Snippets of an interview the filmmaker conducted with his mother
appear periodically throughout the film, her image something of a
visual refrain that assumes various levels of significance.
"This is not a family movie," Salhab told me. "My mother is important,
of course, because she put me in this world...But it's pure
coincidence that she was very nationalistic, pro-Nasser. If she had
not been busy with me, I am sure she would have been on the streets
with the others...If she were not involved [emotionally and
politically], I would not have used her in the film. I used her as a
woman, as an Arab woman and then as my mother."
Is 1958 a documentary?
"I don't think in those kinds of categories," he responded. "I don't
start out making a film and think it is a 'documentary' or a
'fictional film' or anything like that. I am just making a film."
"Since the 60s, Israeli and American films have been made in Jaffa but
in Israeli films there are no Palestinians there and the Americans
have used it to double as another location," Kamal Aljafari says. "[In
Port of Memory], I am showing the people that were never shown. As a
Palestinian artist, I need to document these people's lives. Their
stories are important to tell. I tried to narrate my story within
these parameters."
The stories the German-educated filmmaker has chosen to narrate,
however, are not the usual stuff of "the movies".

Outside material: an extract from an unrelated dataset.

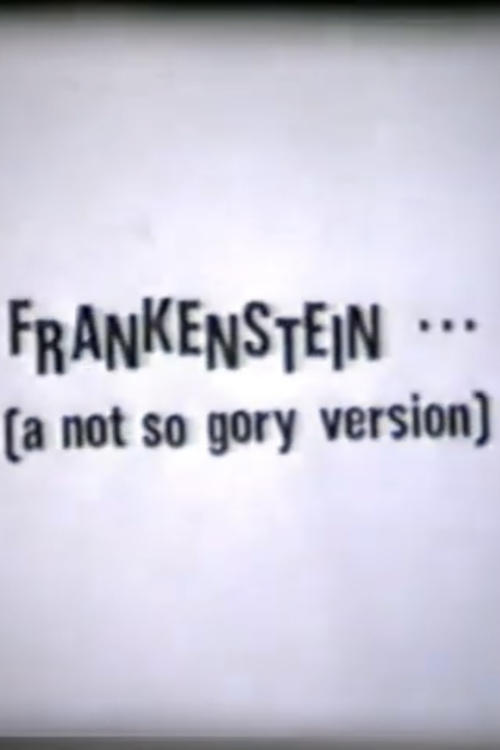 Frankenstein…[a not so gory version]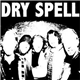 Dry Spell - Dry Spell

"I'm interested in daily life where nothing is really happening,"
Aljafari explained over the phone from Cambridge, Massachusetts where
he currently has a one-year fellowship at the Radcliffe Institute at
Harvard University.
Given the events in Palestine and the usurping of its images by
international news organizations since the end of the Second World
War, it is little wonder that a Palestinian filmmaker would focus his
energy on constructing an authentic identity away from the
sensationalist influences of news shows and movie producers.
"I'm fascinated by the potential of real people, not actors, on film.
Their expressions and their movement are so real...In one scene, my
aunt makes a bed and I can assure you that she makes that bed better
than even the best Hollywood actress could do it," he concluded with a
laugh.
Exploring the uneventful as a conduit for the truth is hardly a
radical notion even in the world of film. But it is not what producers
are expecting from a Palestinian filmmaker. And, as such, it was
difficult to raise funds for the film even with its extremely limited
budget.
Enter MEIFF.
Aljafari had already distinguished himself as a filmmaker while a
student at Cologne's Academy of Media Arts, his short "Visit
Iraq" (2003) receiving a nomination for a German Short Film Award. For
Port of Memory, he garnered the support of the Sundance Institute and
when MEIFF learned of Port of Memory, they supplied finishing funds in
return for a premiere at this year's festival.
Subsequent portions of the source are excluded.